**Work to be completed:** Only certain lines below are wanted: those starting at the line containing "Deebo Samuel Panini" and ending at the line containing "Kuşaklı Gofre Elbise", both included, each retyped exactly.

**Recorded data:**
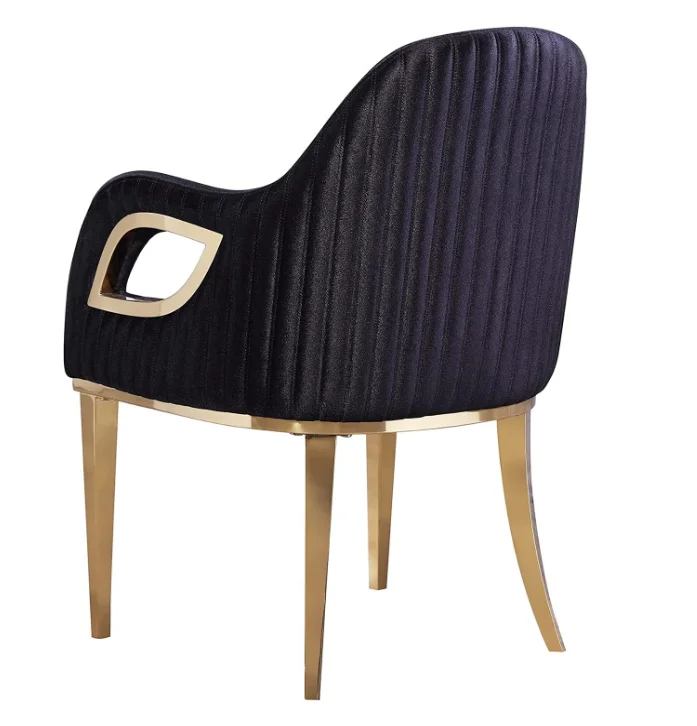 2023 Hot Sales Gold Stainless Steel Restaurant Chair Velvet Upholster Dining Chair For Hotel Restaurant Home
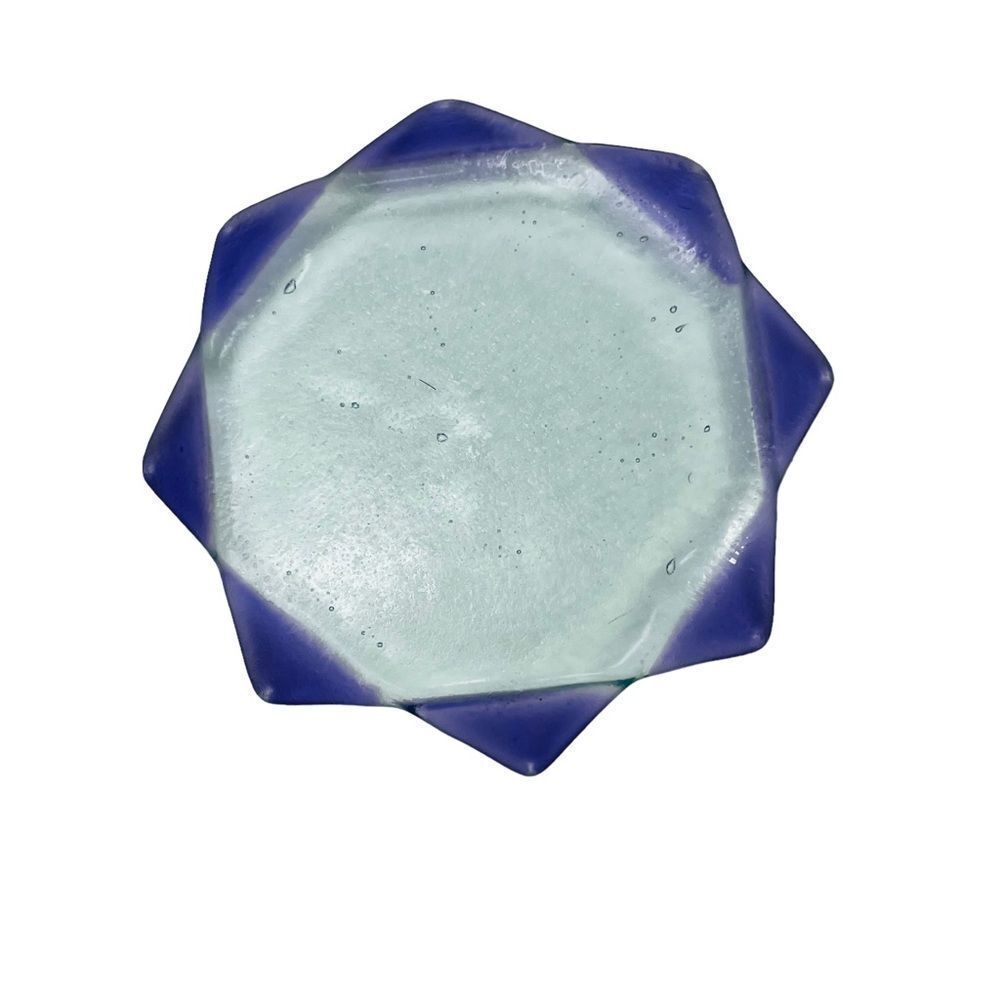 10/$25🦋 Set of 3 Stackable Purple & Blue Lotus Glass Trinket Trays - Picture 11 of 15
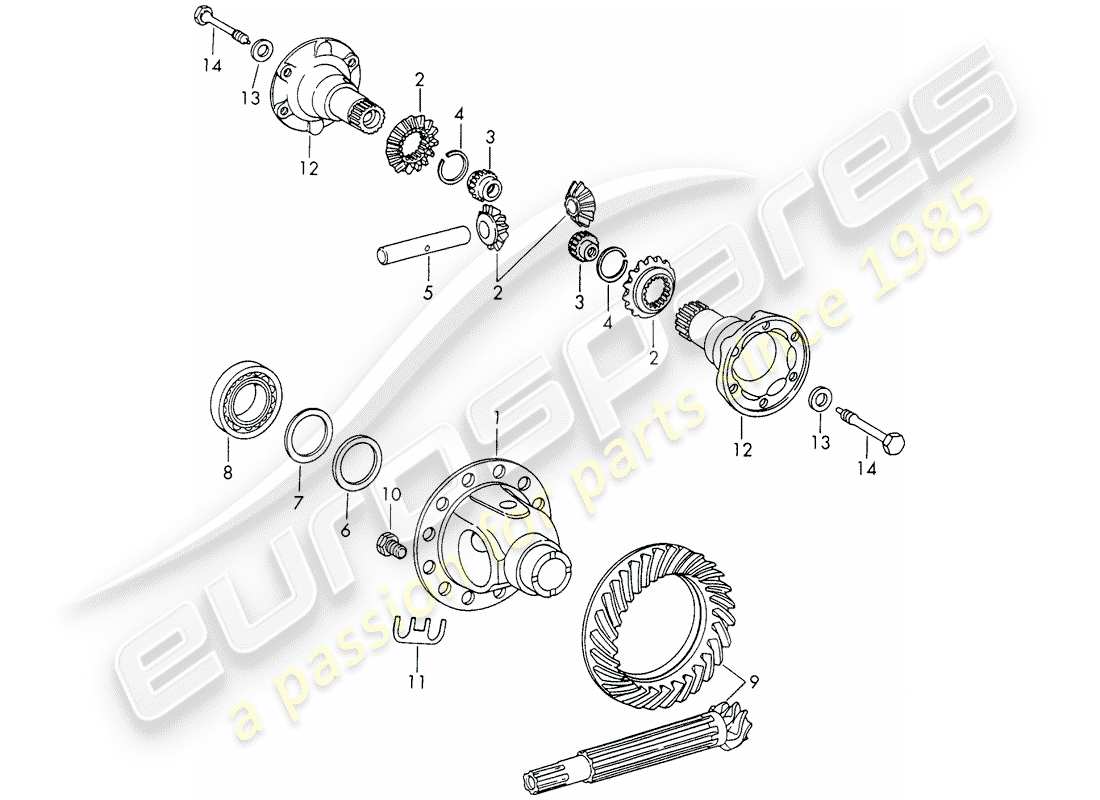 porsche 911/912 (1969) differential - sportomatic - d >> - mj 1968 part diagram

* * *

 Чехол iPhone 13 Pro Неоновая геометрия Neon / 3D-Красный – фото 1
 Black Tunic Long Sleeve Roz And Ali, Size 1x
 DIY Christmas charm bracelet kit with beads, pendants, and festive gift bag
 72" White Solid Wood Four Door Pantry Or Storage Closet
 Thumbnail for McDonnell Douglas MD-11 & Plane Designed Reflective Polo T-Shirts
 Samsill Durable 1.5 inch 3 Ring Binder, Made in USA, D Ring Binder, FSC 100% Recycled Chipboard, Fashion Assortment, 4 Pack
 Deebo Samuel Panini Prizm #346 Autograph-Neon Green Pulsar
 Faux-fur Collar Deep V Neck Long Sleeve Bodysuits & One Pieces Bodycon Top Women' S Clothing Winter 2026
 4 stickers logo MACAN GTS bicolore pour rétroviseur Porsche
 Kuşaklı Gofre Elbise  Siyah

==

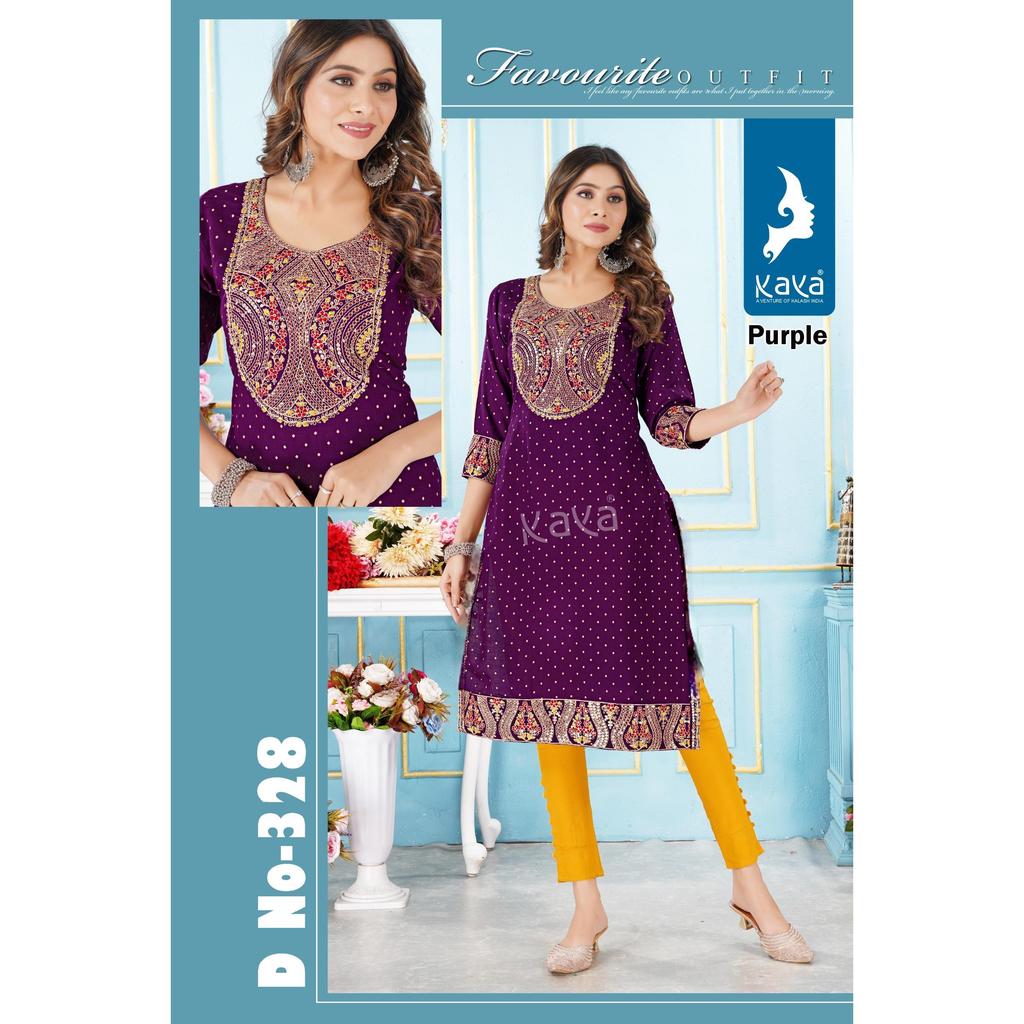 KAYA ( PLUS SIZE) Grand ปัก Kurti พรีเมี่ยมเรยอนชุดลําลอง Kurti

**Exercise output:**
 Deebo Samuel Panini Prizm #346 Autograph-Neon Green Pulsar
 Faux-fur Collar Deep V Neck Long Sleeve Bodysuits & One Pieces Bodycon Top Women' S Clothing Winter 2026
 4 stickers logo MACAN GTS bicolore pour rétroviseur Porsche
 Kuşaklı Gofre Elbise  Siyah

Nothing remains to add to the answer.